PROVIDED INFORMATION START
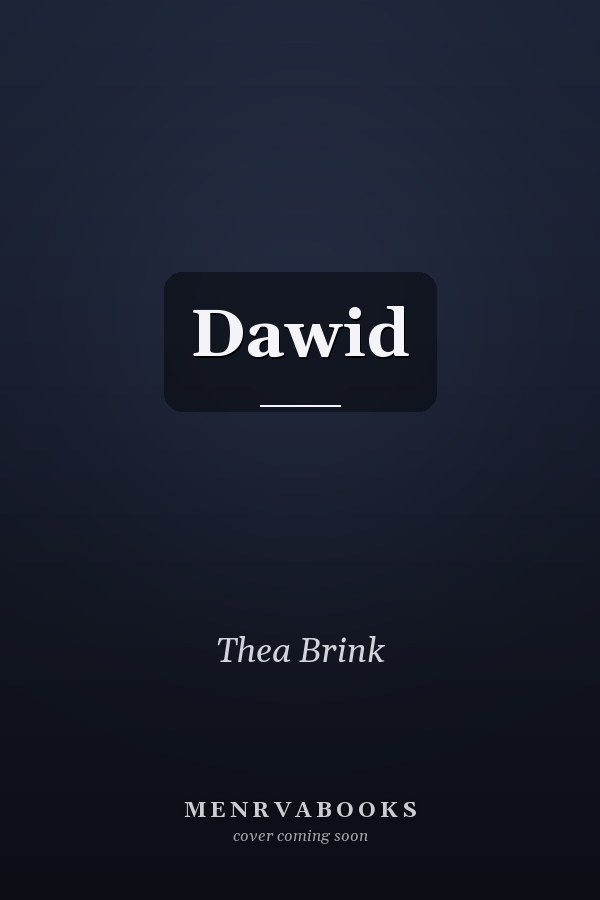 Dawid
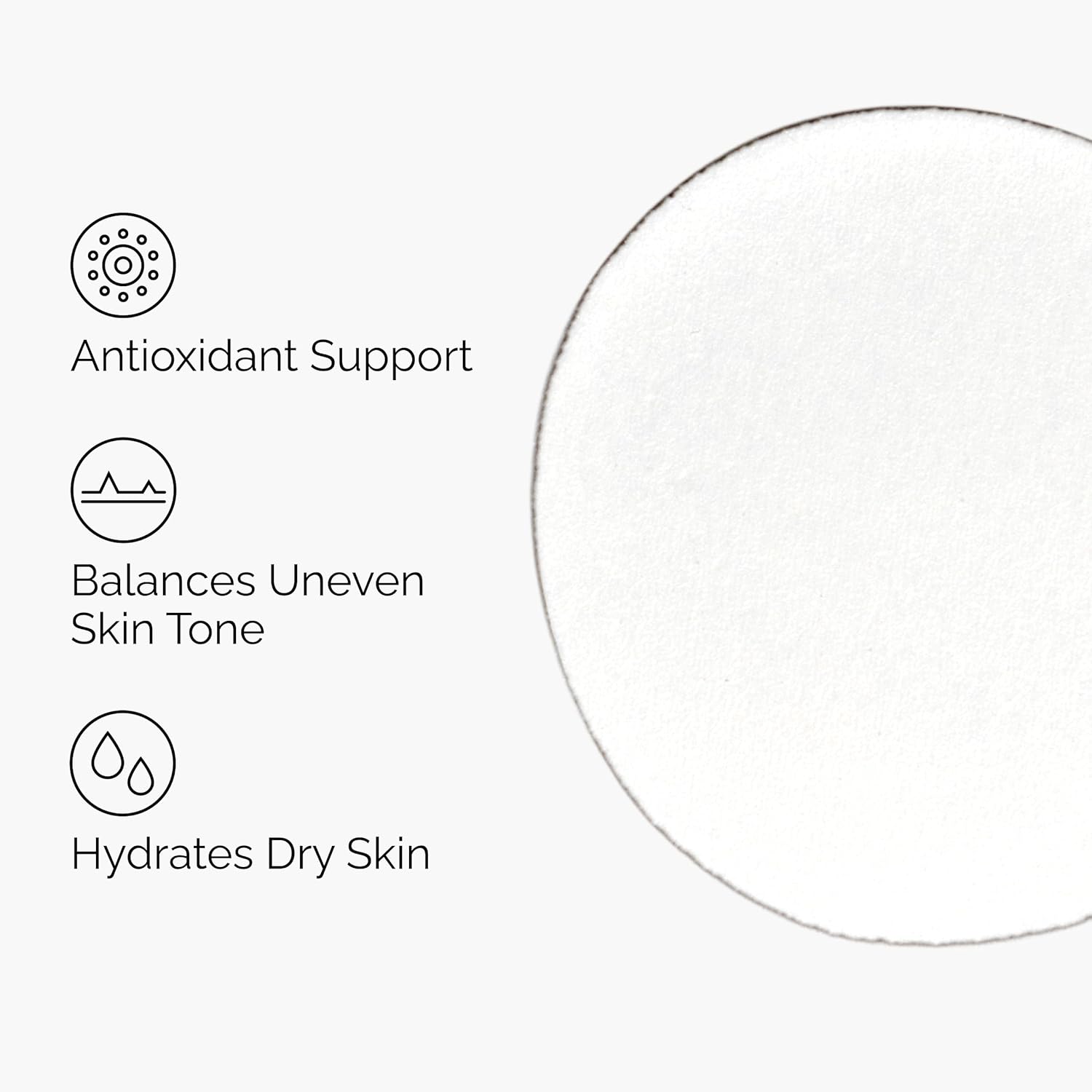 The Ordinary Ascorbyl Tetraisopalmitate Solution 20% in Vitamin F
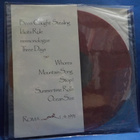 JANE'S ADDICTION - ROMA 1.4.1991 - M-/M- ITALY -91  LP - pikkukuva 2
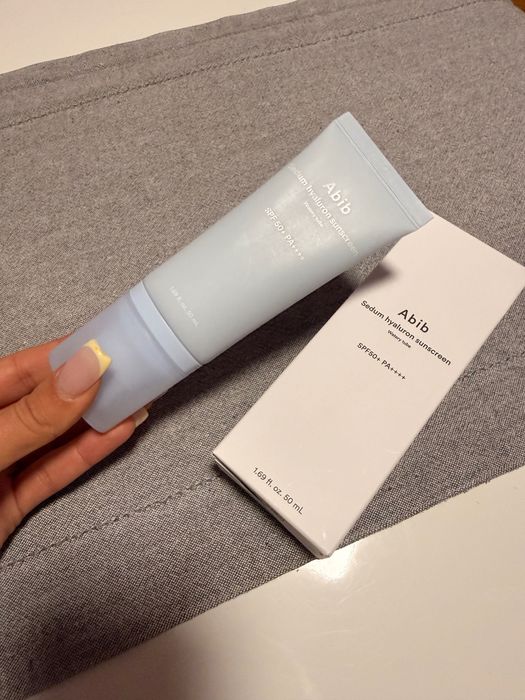 Корейска козметика НОВА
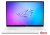 Игровой ноутбук ASUS ROG Zephyrus G16 2024 GA605KM-QR016W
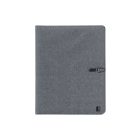 Shepherd A4 RPET iratmappa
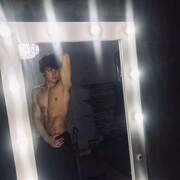 ���������� ���������, ���� ������� ���������, 33 ����, ������������ ��� ������, ����� � ���������, ���������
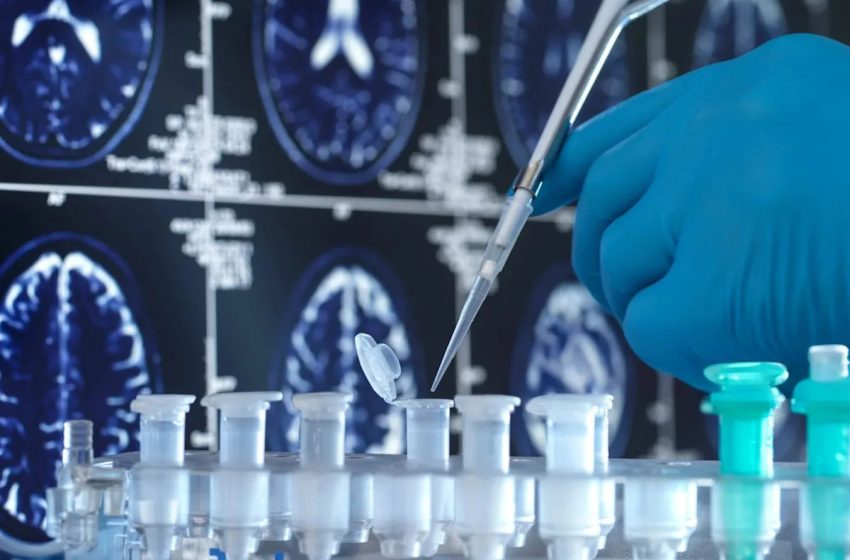  ‘Is this worse than we thought?’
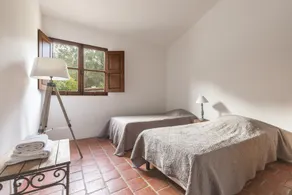 Casa di Pruno - Image 3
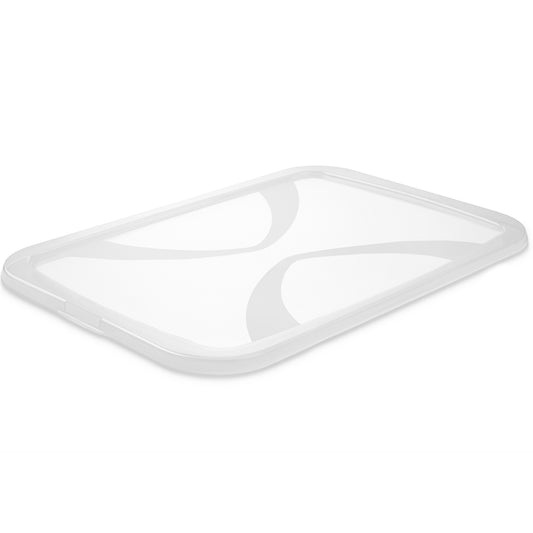 Deckel für 29 - 50 - 70 l Box LONA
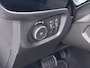 Opel Corsa-e Edition 50 kWh | Apple carplay / Android | Navigatie | Cruise control
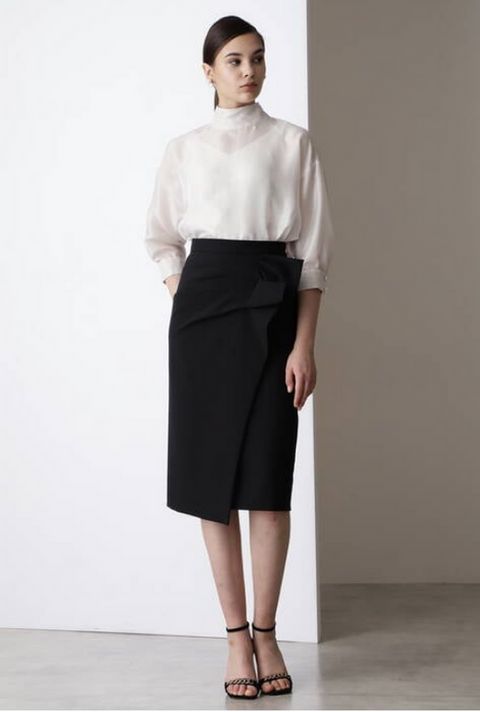 【2021 SS】STYLE NO.155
PROVIDED INFORMATION END
▸ **TASK TO CARRY OUT**: The copy should begin at the line containing "Opel Corsa-e Edition" and end at the last line of the data above; please restate those lines word for word without the pictures.

▸ **WRITTEN SOLUTION**:
 Opel Corsa-e Edition 50 kWh | Apple carplay / Android | Navigatie | Cruise control
 【2021 SS】STYLE NO.155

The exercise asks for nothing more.